Problem Description
Given an integer n, return a list of all simplified fractions between 0 and 1 (exclusive) such that the denominator is less-than-or-equal-to n. A fraction is considered simplified if the greatest common divisor (GCD) of its numerator and denominator is 1.
Key Insights
- Only consider denominators from 2 to n since fractions with denominator 1 (like 1/1) are not between 0 and 1.
- For each denominator, iterate over possible numerators from 1 up to denominator - 1.
- Use the GCD of numerator and denominator to check if the fraction is in simplified form.

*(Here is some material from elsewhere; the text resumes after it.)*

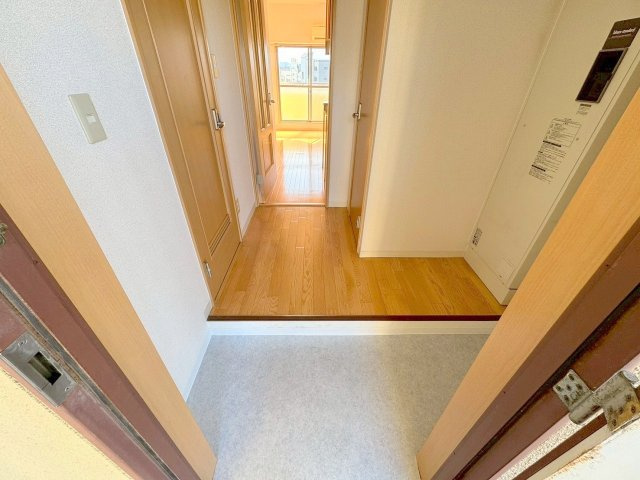 フローライト上新庄駅前の玄関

- The overall time complexity is driven by the nested loop over denominators and numerators.
Space and Time Complexity
Time Complexity: O(n^2 * log(n)) – Iterating through all possible pairs (numerator, denominator) and performing a GCD computation which takes logarithmic time. Space Complexity: O(n^2) – In the worst case, storing up to O(n^2) fraction strings.
Solution
We iterate through all denominators d from 2 to n, and for each d, we iterate through all numerators from 1 to d - 1. For every fraction numerator/d, we check if the GCD of numerator and denominator is 1. If yes, then the fraction is simplified and we add it to our result list as a string "numerator/denom".
The algorithm primarily uses loops and a helper function (or method) for computing the GCD. The main gotcha is correctly checking that a fraction is in its simplest form by ensuring that the numerator and denominator are co-prime.